What to produce ▸
Please retype the data in full and exactly; the pictures are not part of the copy.

Input data ▸
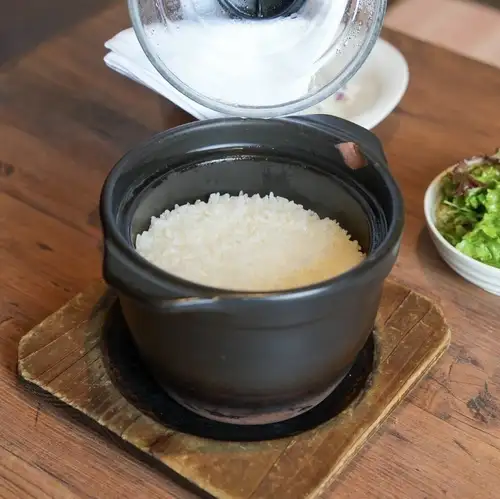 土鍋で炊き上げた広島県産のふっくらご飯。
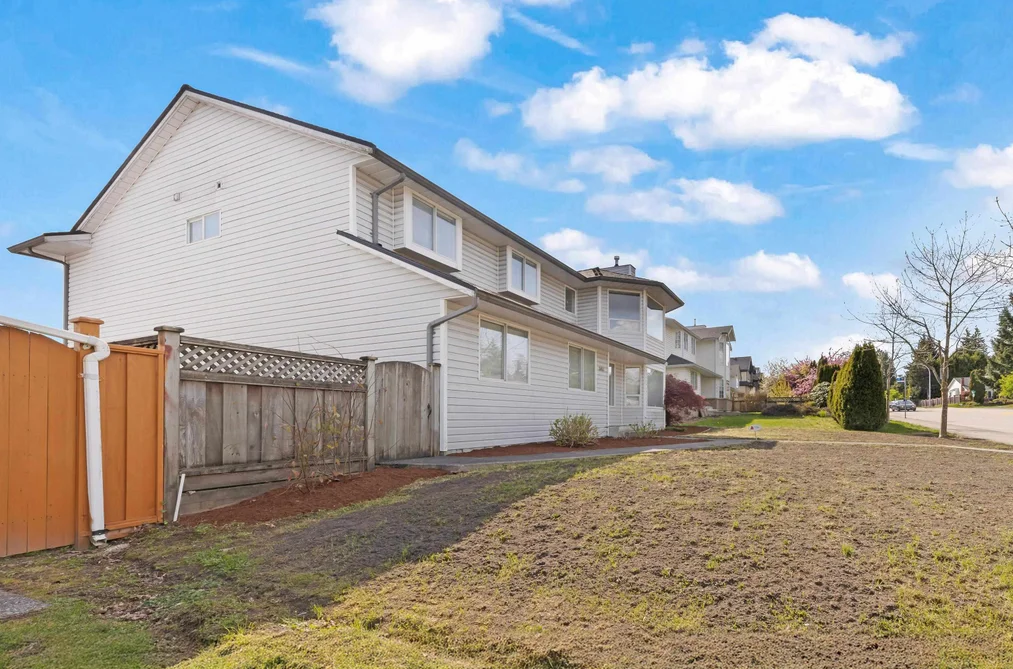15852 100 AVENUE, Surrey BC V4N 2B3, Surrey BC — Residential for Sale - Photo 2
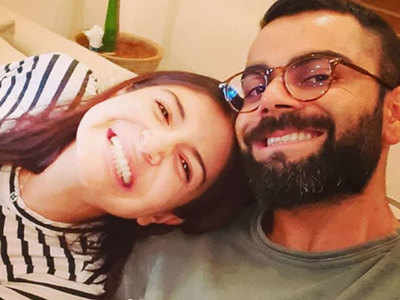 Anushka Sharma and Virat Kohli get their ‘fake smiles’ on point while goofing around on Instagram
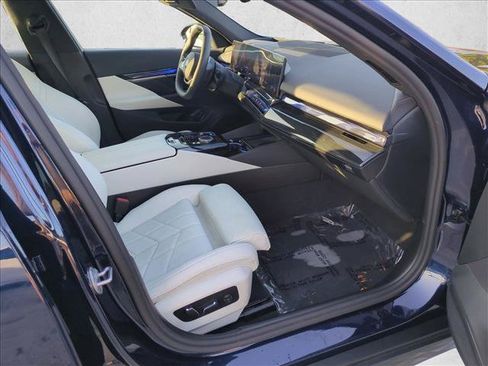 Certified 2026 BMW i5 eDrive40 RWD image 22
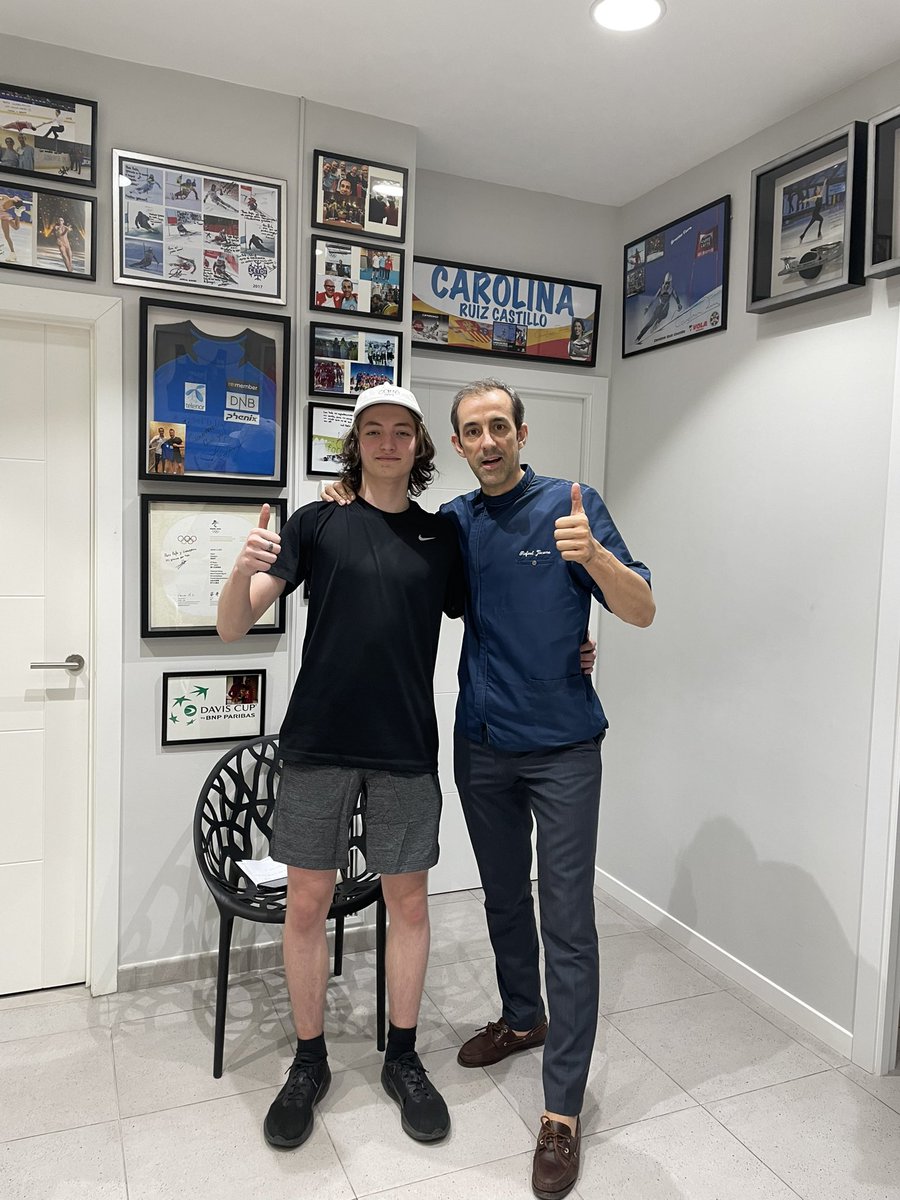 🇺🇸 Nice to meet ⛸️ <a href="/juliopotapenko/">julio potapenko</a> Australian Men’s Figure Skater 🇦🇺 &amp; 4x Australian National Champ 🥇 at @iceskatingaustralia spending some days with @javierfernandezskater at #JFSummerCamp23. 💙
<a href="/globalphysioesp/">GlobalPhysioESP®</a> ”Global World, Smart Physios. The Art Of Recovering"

Response to this task ▸
 土鍋で炊き上げた広島県産のふっくらご飯。
15852 100 AVENUE, Surrey BC V4N 2B3, Surrey BC — Residential for Sale - Photo 2
 Anushka Sharma and Virat Kohli get their ‘fake smiles’ on point while goofing around on Instagram
 Certified 2026 BMW i5 eDrive40 RWD image 22
 🇺🇸 Nice to meet ⛸️ <a href="/juliopotapenko/">julio potapenko</a> Australian Men’s Figure Skater 🇦🇺 &amp; 4x Australian National Champ 🥇 at @iceskatingaustralia spending some days with @javierfernandezskater at #JFSummerCamp23. 💙
<a href="/globalphysioesp/">GlobalPhysioESP®</a> ”Global World, Smart Physios. The Art Of Recovering"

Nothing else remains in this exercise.